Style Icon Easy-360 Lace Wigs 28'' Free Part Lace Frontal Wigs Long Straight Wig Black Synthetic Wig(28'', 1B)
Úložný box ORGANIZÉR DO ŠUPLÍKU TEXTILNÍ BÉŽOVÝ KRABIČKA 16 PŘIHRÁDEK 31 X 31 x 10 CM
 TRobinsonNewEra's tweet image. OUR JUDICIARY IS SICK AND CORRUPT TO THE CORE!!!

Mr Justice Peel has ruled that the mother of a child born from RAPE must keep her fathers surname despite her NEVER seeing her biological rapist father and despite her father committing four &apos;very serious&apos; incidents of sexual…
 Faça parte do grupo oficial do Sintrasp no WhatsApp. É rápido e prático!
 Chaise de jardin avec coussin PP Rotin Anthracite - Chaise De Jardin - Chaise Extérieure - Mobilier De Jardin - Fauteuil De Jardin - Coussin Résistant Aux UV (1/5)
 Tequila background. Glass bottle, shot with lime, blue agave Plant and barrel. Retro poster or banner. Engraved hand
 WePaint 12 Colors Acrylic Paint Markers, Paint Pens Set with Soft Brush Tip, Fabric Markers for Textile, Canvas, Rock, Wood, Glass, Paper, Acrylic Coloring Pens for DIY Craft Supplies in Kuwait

# [THE TASK]
Transcribe exactly the line containing "Mr Justice Peel" along with all later lines of the material, through its last line. Add nothing.

# [ANSWER SECTION]
Mr Justice Peel has ruled that the mother of a child born from RAPE must keep her fathers surname despite her NEVER seeing her biological rapist father and despite her father committing four &apos;very serious&apos; incidents of sexual…
 Faça parte do grupo oficial do Sintrasp no WhatsApp. É rápido e prático!
 Chaise de jardin avec coussin PP Rotin Anthracite - Chaise De Jardin - Chaise Extérieure - Mobilier De Jardin - Fauteuil De Jardin - Coussin Résistant Aux UV (1/5)
 Tequila background. Glass bottle, shot with lime, blue agave Plant and barrel. Retro poster or banner. Engraved hand
 WePaint 12 Colors Acrylic Paint Markers, Paint Pens Set with Soft Brush Tip, Fabric Markers for Textile, Canvas, Rock, Wood, Glass, Paper, Acrylic Coloring Pens for DIY Craft Supplies in Kuwait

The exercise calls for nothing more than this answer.